Source data Start Marker

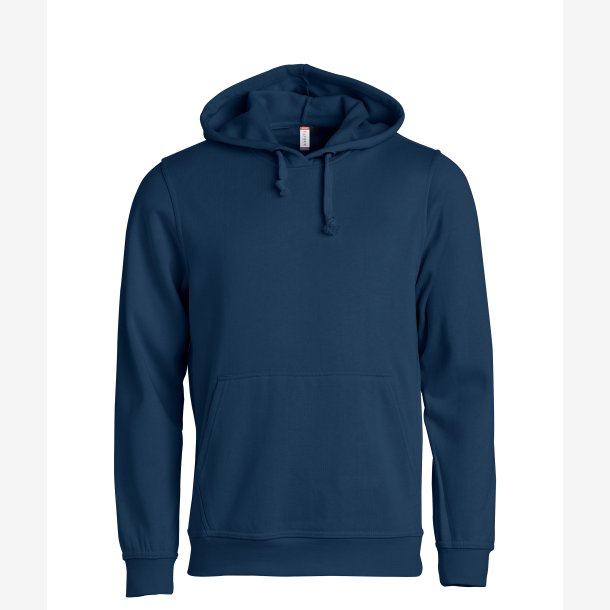 Clique - Basic Hoody (Navy) 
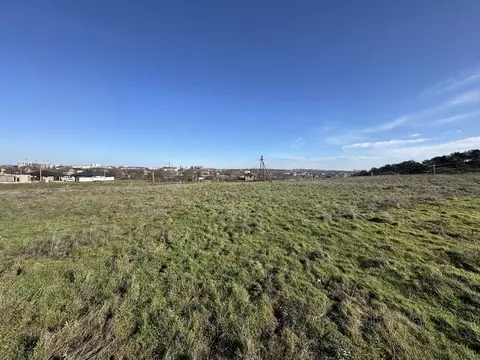 Участок в Крым, Симферопольский район, Мирновское с/пос, с. Белоглинка ...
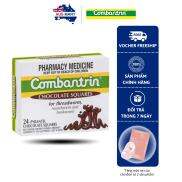 Chocolate deworming candy, Australia 24 pieces Easy to eat, delicious and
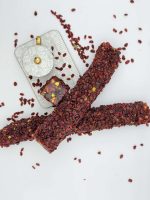 Granatapfel Berberitzen Turkish Delight Lokum – Bild 4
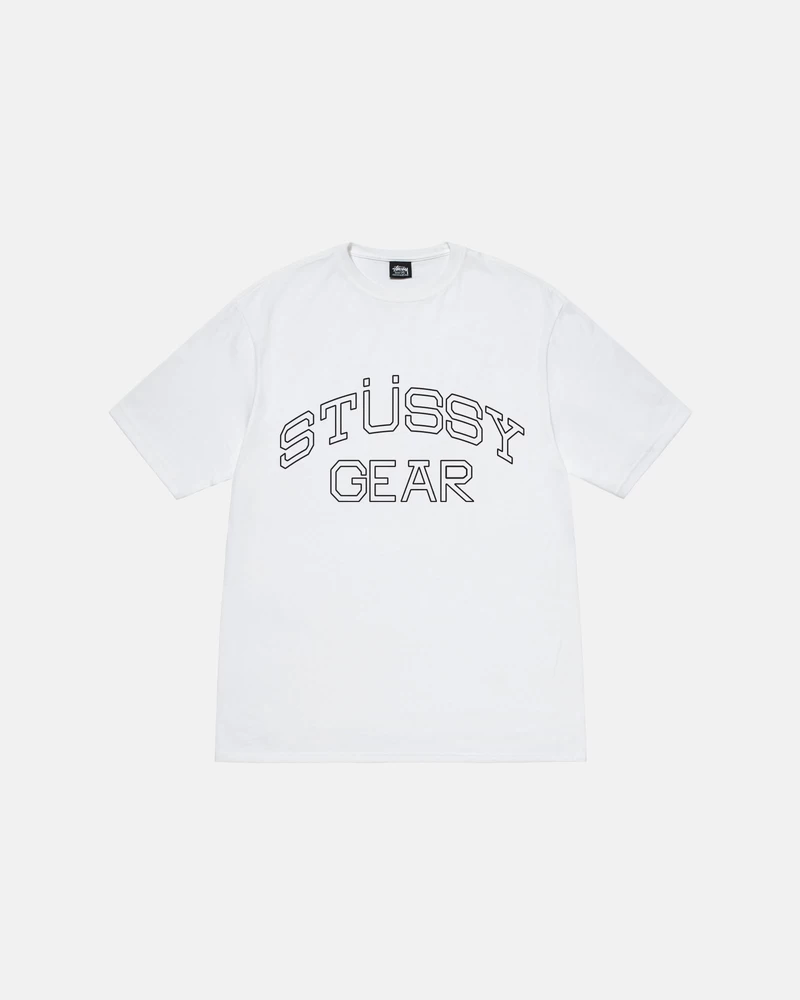 Stussy STÜSSY GEAR TEE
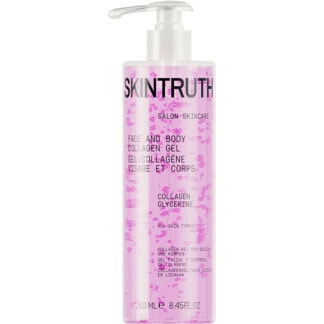Skintruth Treatment Face & Body Collagen Gel with Glycerine, 250ml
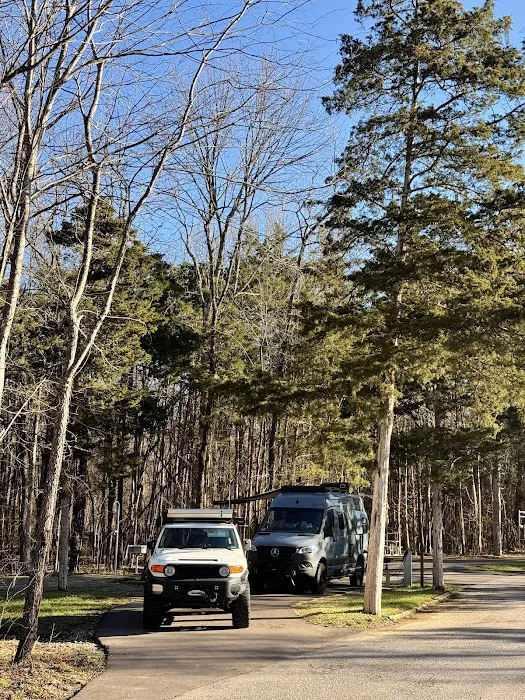 Cedars of Lebanon SP Campground #1 Picture 2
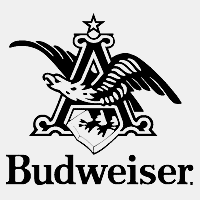 Budweiser Beer Decal Budweiser Beer Decal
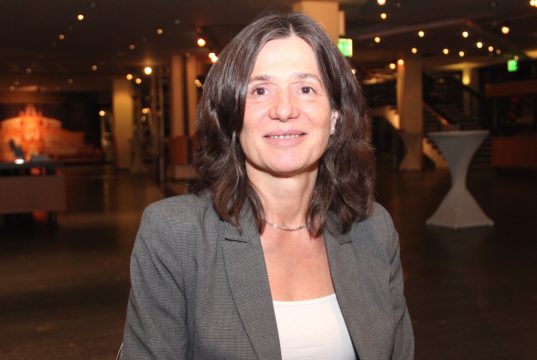 Dagmar Becker ist Dezernentin für Schule, Jugend, Kultur und Sport. (Archivfoto: © Bastian Glumm)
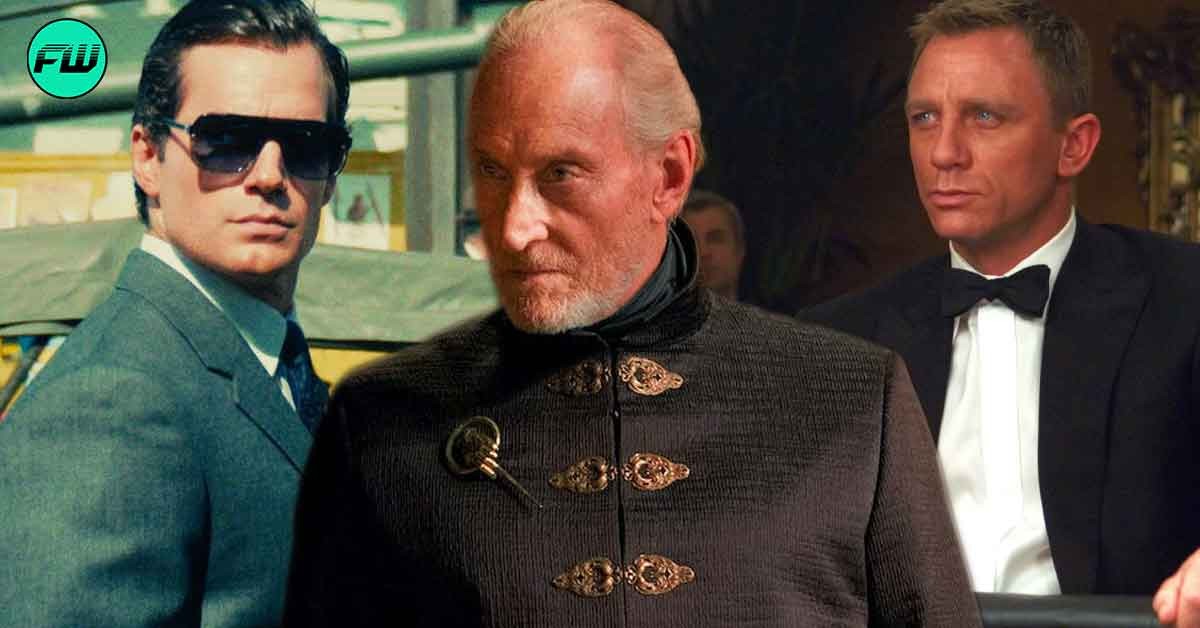 Before Henry Cavill, Game of Thrones Star Charles Dance Refused $14.4B James Bond Role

Source data End Marker

#### [What to work on]
Word for word, output the whole listing, but not its pictures.

#### [Reply]
 Clique - Basic Hoody (Navy) 
 Участок в Крым, Симферопольский район, Мирновское с/пос, с. Белоглинка ...
 Chocolate deworming candy, Australia 24 pieces Easy to eat, delicious and
 Granatapfel Berberitzen Turkish Delight Lokum – Bild 4
 Stussy STÜSSY GEAR TEE
Skintruth Treatment Face & Body Collagen Gel with Glycerine, 250ml
 Cedars of Lebanon SP Campground #1 Picture 2
 Budweiser Beer Decal Budweiser Beer Decal
 Dagmar Becker ist Dezernentin für Schule, Jugend, Kultur und Sport. (Archivfoto: © Bastian Glumm)
 Before Henry Cavill, Game of Thrones Star Charles Dance Refused $14.4B James Bond Role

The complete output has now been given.